• **Instructions to follow**:
Only one stretch of the data below is wanted: the lines from the one with "Etiketten stikker - Zie" through the one with "Copo de comida", repeated exactly.

• **Material for this task**:
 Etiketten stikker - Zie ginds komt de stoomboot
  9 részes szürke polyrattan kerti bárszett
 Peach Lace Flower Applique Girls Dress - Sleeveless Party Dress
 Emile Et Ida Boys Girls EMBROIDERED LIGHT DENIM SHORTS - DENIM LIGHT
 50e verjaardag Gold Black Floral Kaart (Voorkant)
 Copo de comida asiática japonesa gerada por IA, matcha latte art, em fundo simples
* * *
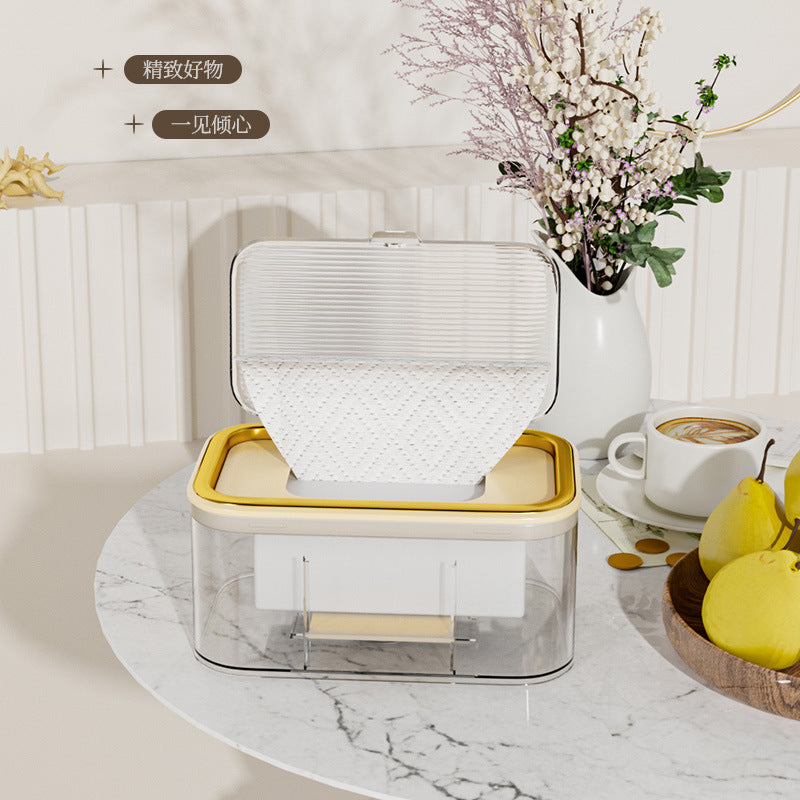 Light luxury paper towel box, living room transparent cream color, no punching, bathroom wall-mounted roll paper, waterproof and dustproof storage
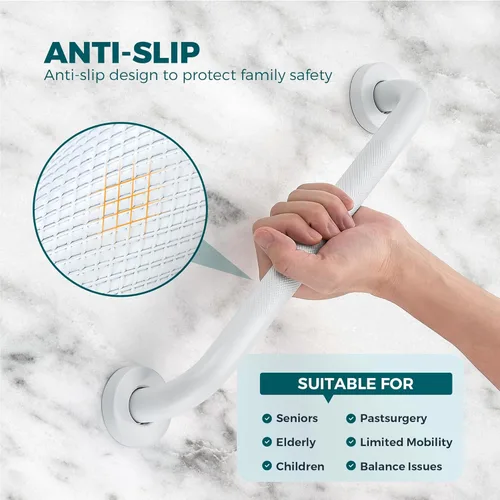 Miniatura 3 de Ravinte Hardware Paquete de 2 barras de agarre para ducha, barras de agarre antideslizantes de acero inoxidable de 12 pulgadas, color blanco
* * *
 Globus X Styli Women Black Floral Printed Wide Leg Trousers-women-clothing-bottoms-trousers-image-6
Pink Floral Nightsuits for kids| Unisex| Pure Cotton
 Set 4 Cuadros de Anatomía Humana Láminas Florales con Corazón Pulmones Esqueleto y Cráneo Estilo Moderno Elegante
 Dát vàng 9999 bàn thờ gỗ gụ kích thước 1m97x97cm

• **Task solution**:
 Etiketten stikker - Zie ginds komt de stoomboot
  9 részes szürke polyrattan kerti bárszett
 Peach Lace Flower Applique Girls Dress - Sleeveless Party Dress
 Emile Et Ida Boys Girls EMBROIDERED LIGHT DENIM SHORTS - DENIM LIGHT
 50e verjaardag Gold Black Floral Kaart (Voorkant)
 Copo de comida asiática japonesa gerada por IA, matcha latte art, em fundo simples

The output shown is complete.